→ **Task to carry out**
Produce a word-for-word copy of the listing below without its pictures.

→ **Source material**
■ ■ ■
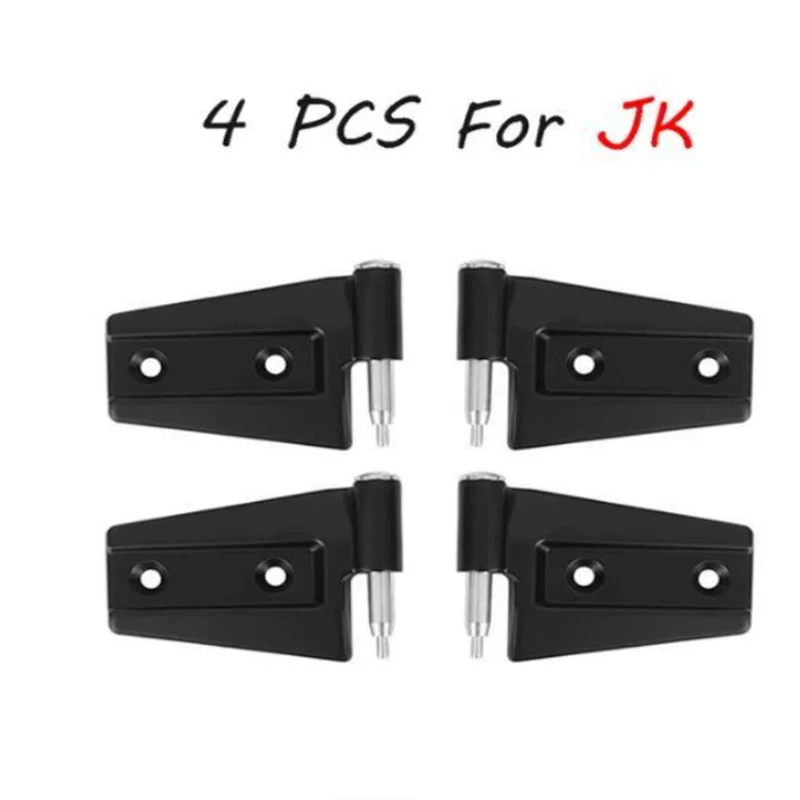 

2/4/6 PCS Aluminium Coated Door Side Hinge For Jeep Wrangler JK JL JT 2007+ Road Steel Door Hinge Kit Not Door Hinge Cover Decor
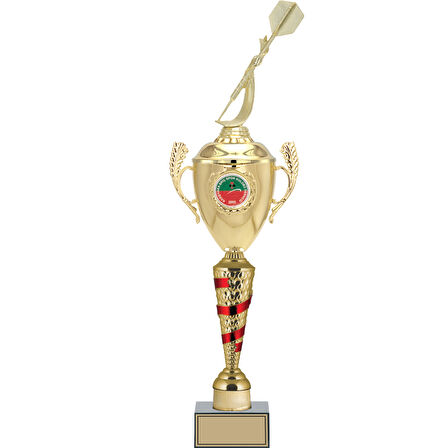 ODAK KUPA - Figürlü Kupalar - Dart Figürlü Kupalar FG-084 C - 61 cm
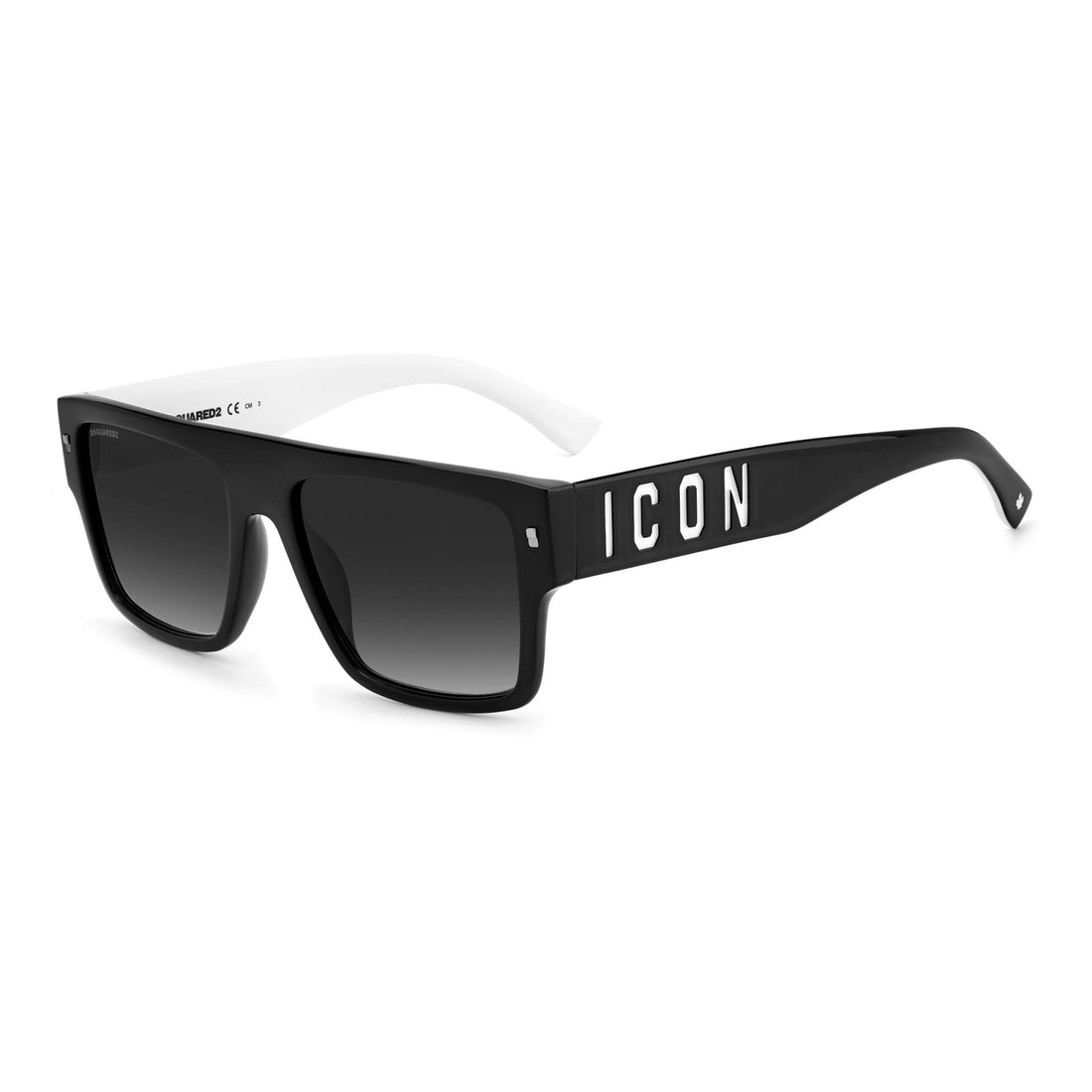 DSQUARED2 ICON 0003/S - 80S 9O NERO BIANCO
■ ■ ■
→ **Written reply**
2/4/6 PCS Aluminium Coated Door Side Hinge For Jeep Wrangler JK JL JT 2007+ Road Steel Door Hinge Kit Not Door Hinge Cover Decor
 ODAK KUPA - Figürlü Kupalar - Dart Figürlü Kupalar FG-084 C - 61 cm
 DSQUARED2 ICON 0003/S - 80S 9O NERO BIANCO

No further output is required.